Furthermore, given the ambiguity in human judgments of toxicity, noting that judgments can vary across users and applications (eg, language describing violence, which might be flagged as toxic, might be appropriate in a news article), it should continue Future work developed and adapted the idea of ​​toxicity to different contexts, and revised it for different LM applications. We hope that the list of phenomena for which we found a difference in the annotations will be useful in this regard.

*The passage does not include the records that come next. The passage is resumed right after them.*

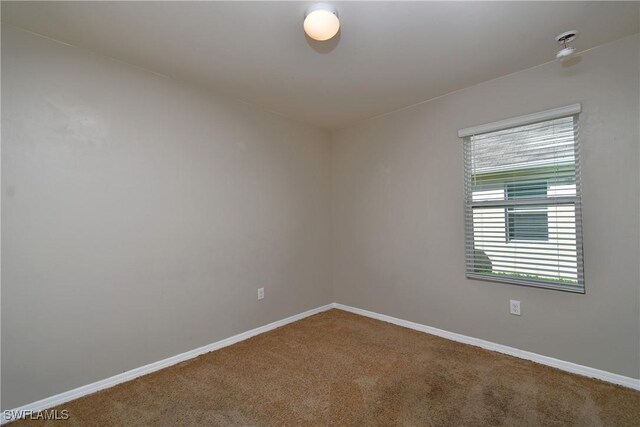 carpeted empty room featuring baseboards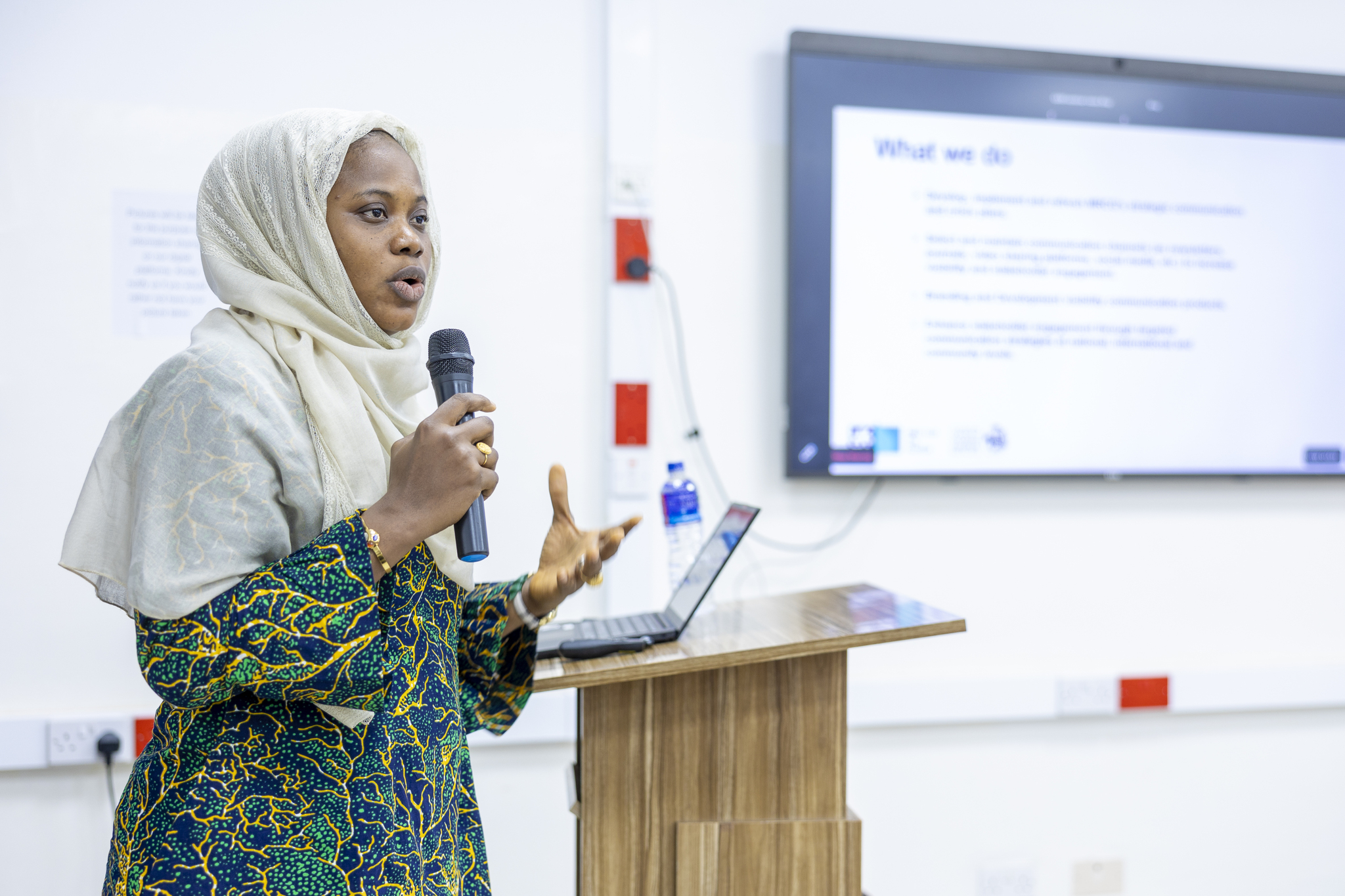 Woman speaking at the front of a conference room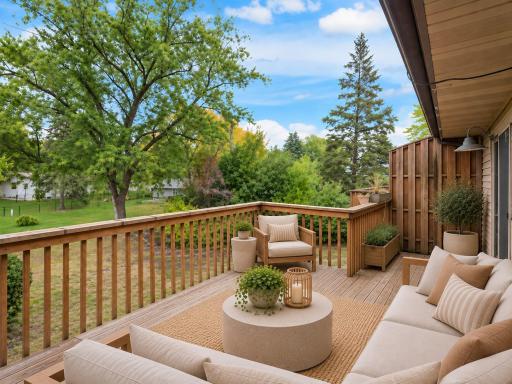 What a view of the greenspace from your deck - virtually staged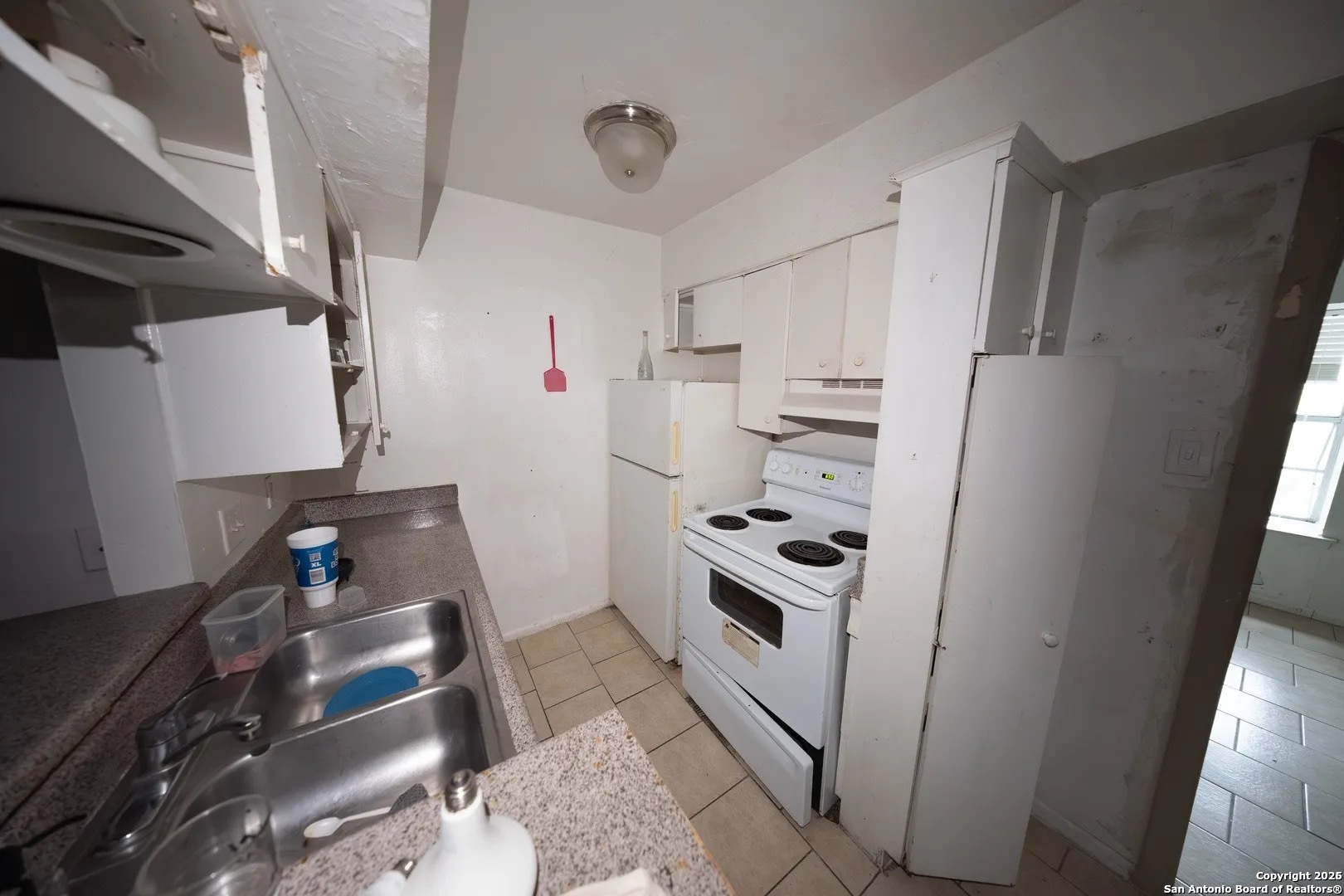 170 De Chantle Road, Unit 709 San Antonio, TX 78201 - Photo 7 of 24 a room with storage and utility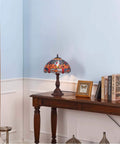 Dragonfly Tiffany Style Stained Glass Table Lamp With 12 Inch Wide Shade And Metal Base, 6 Dragonflies On Lampshade, Bold Orange And Blue Color, 18 Inch Tall, Uses 60W E26 Bulb, Warm Cozy Glow on wooden table near books and decor
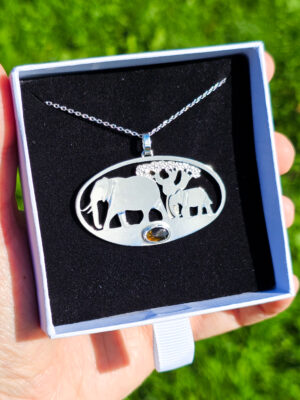 Pendentif en argent représentant des éléphants marchant devant un baobab avec une tourmaline dichroïque sertie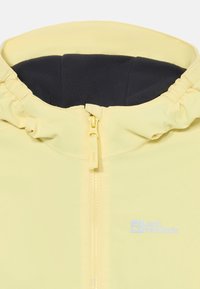 Helle gelbe Jacke mit einem Reißverschluss vorne und einer weichen schwarzen Fleece-Innenseite. Verfügt über eine elastische Kapuze und ein Logo auf der linken Brustseite.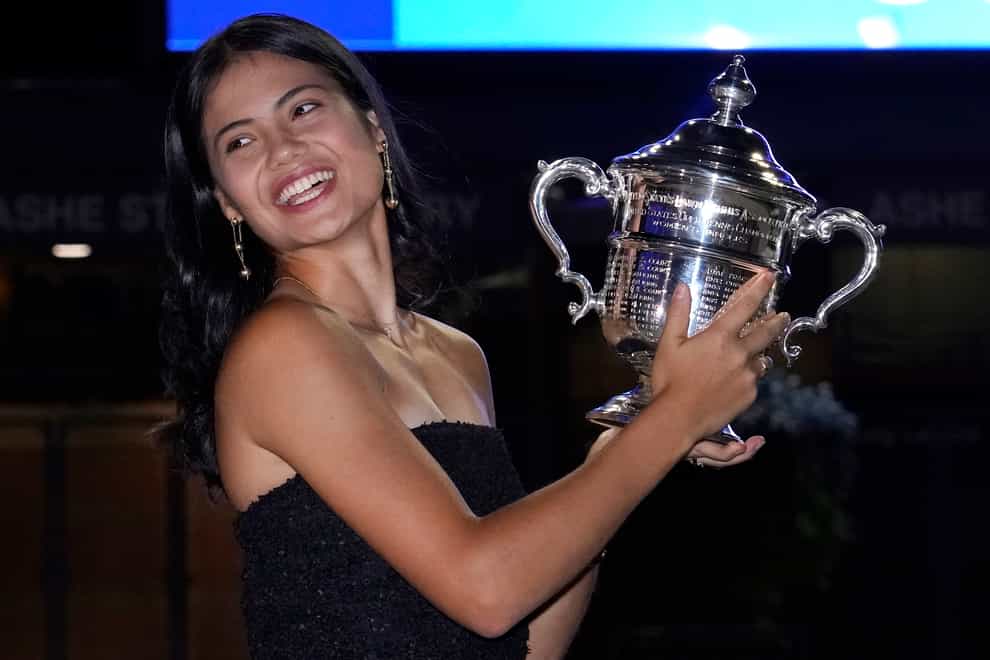 Emma Raducanu poses with the US Open trophy (Elise Amendola/AP)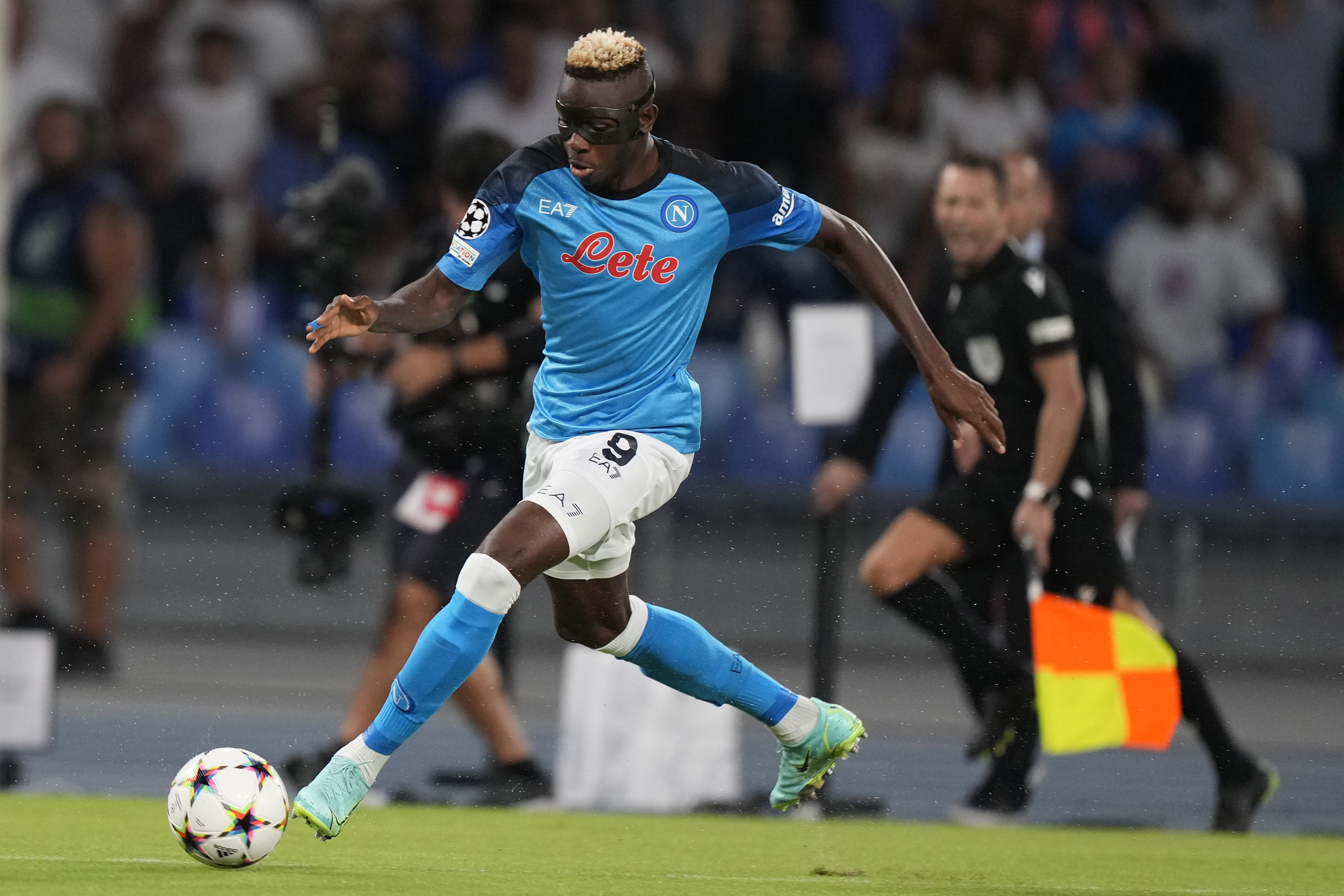 Napoli's Victor Osimhen controls the ball during the group A Champions League soccer match between Napoli and Liverpool at the Diego Armando Maradona stadium in Naples, Italy, Wednesday, Sept. 7, 2022. (AP Photo/Andrew Medichini)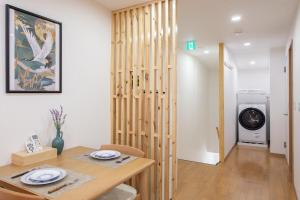 a dining room with a table and a washing machine at Lucky Today in Osaka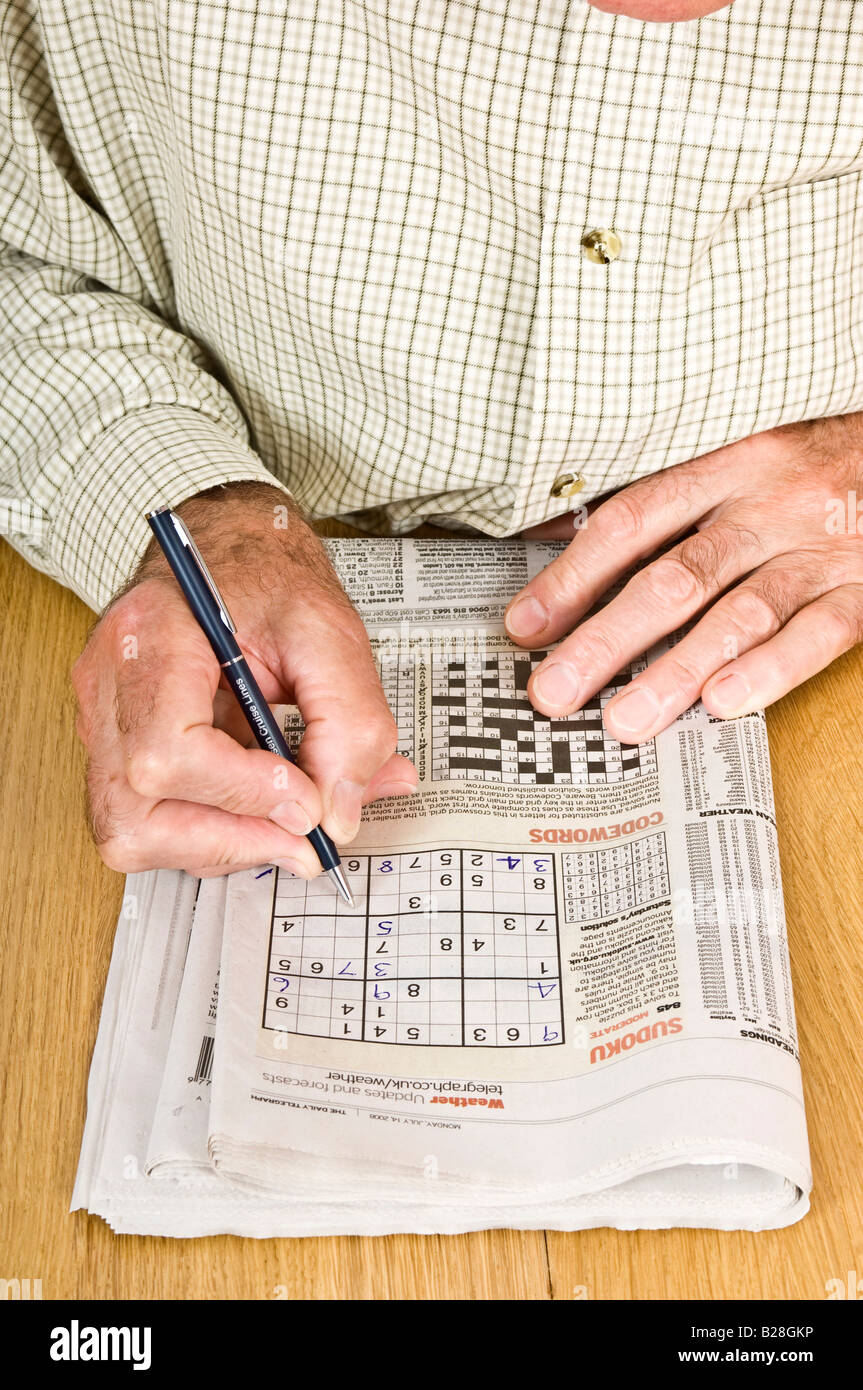 Un homme âgé se concentrant sur une grille de Sudoku dans un journal Photo  Stock - Alamy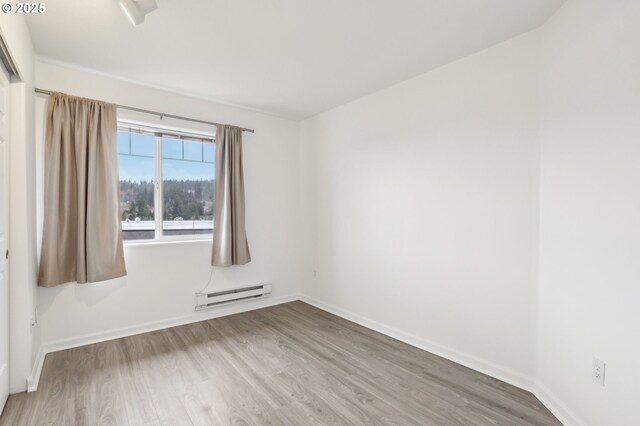 spare room featuring baseboards, a baseboard heating unit, and wood finished floors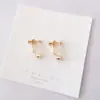 Qingdao Jewelry brincos para conversor de clipe de orelha simples espiral sem furo na orelha clip de orelha em forma de U acessórios fabricantes atacado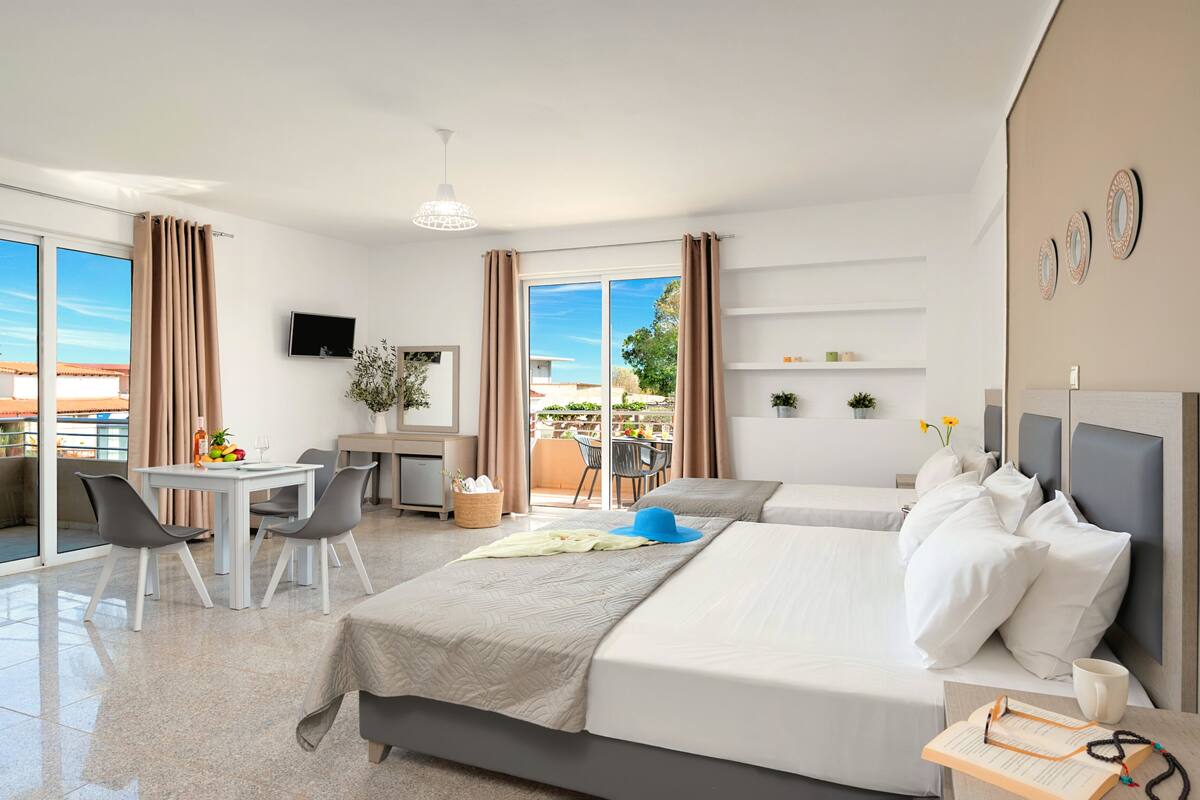 A hotel room with a balcony, a desk with a chair, two beds, a TV, and a small table with a vase and flowers.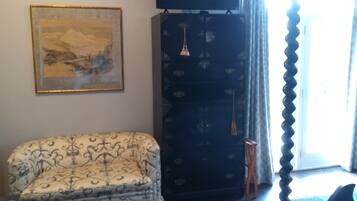 A room with a bed, a chair, a TV, a painting, and a wardrobe.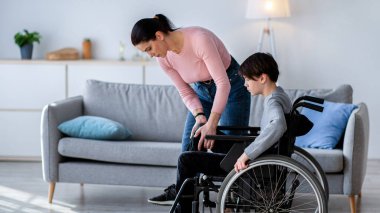 Genç anne tekerlekli sandalyedeki özürlü oğluna bacağını evde oynatması için yardım ediyor. Engelli çocuğuyla ilgilenen bin yıllık bir ebeveyn.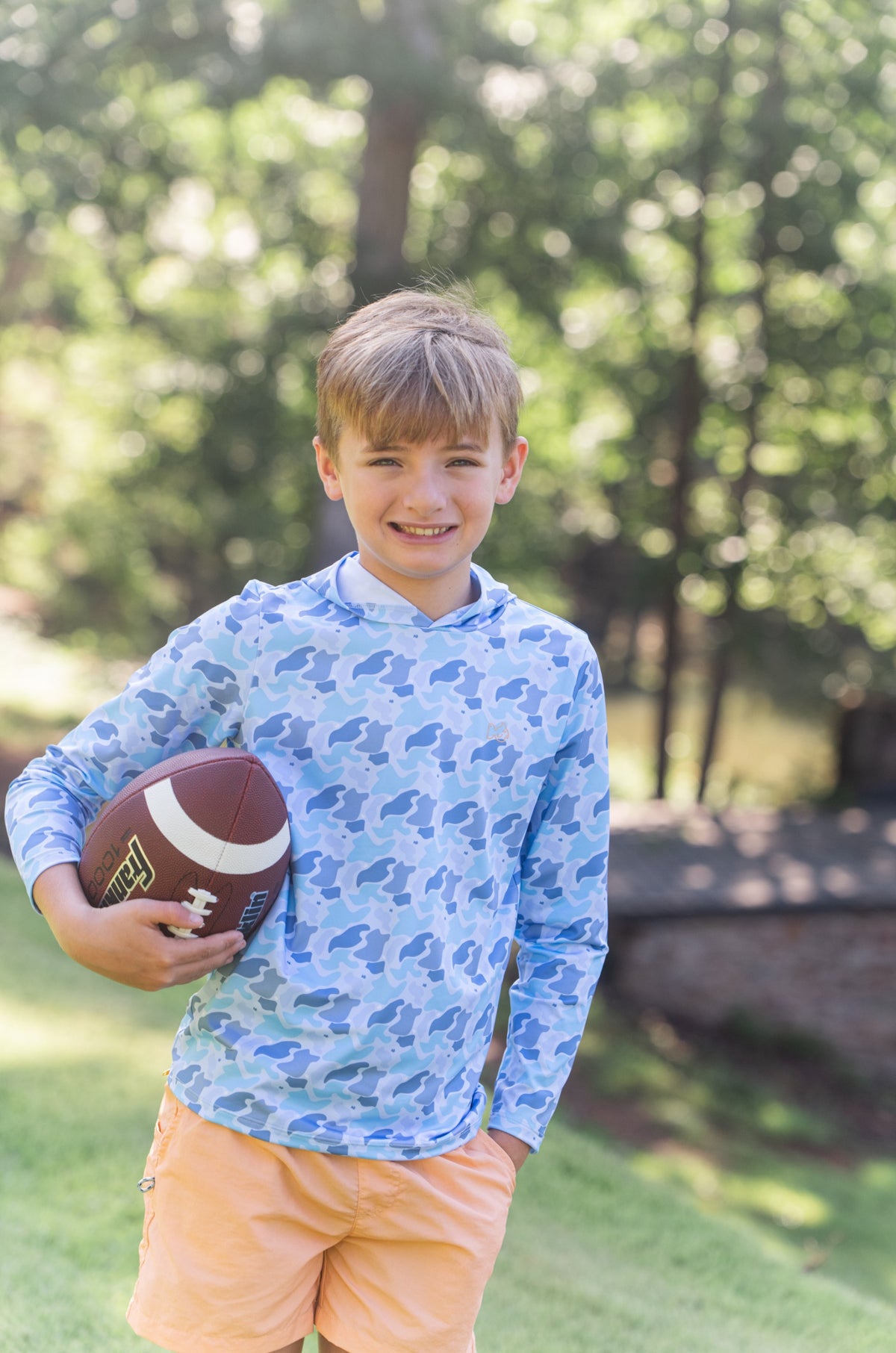 Young boy holding a football wearing orange performance Shorts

Finally, we also observed unintended consequences of mitigating LM toxicity, including worsening LM loss, and unintended amplification of social biases—measured in topic and dialect—potentially leading to lower LM performance for marginalized groups. Our findings suggest that along with toxicity, it is essential for future work not to rely on just one metric, but to consider a ‘range of metrics’ that capture different issues. It is likely that future interventions, such as reducing bias in toxicity classifiers, will help prevent trade-offs such as those we observed, allowing for the use of a safer language model.

Source link

Post a Comment

Cookie Consent
We serve cookies on this site to analyze traffic, remember your preferences, and optimize your experience.
Oops!
It seems there is something wrong with your internet connection. Please connect to the internet and start browsing again.
AdBlock Detected!
We have detected that you are using adblocking plugin in your browser.
The revenue we earn by the advertisements is used to manage this website, we request you to whitelist our website in your adblocking plugin.
Site is Blocked
Sorry! This site is not available in your country.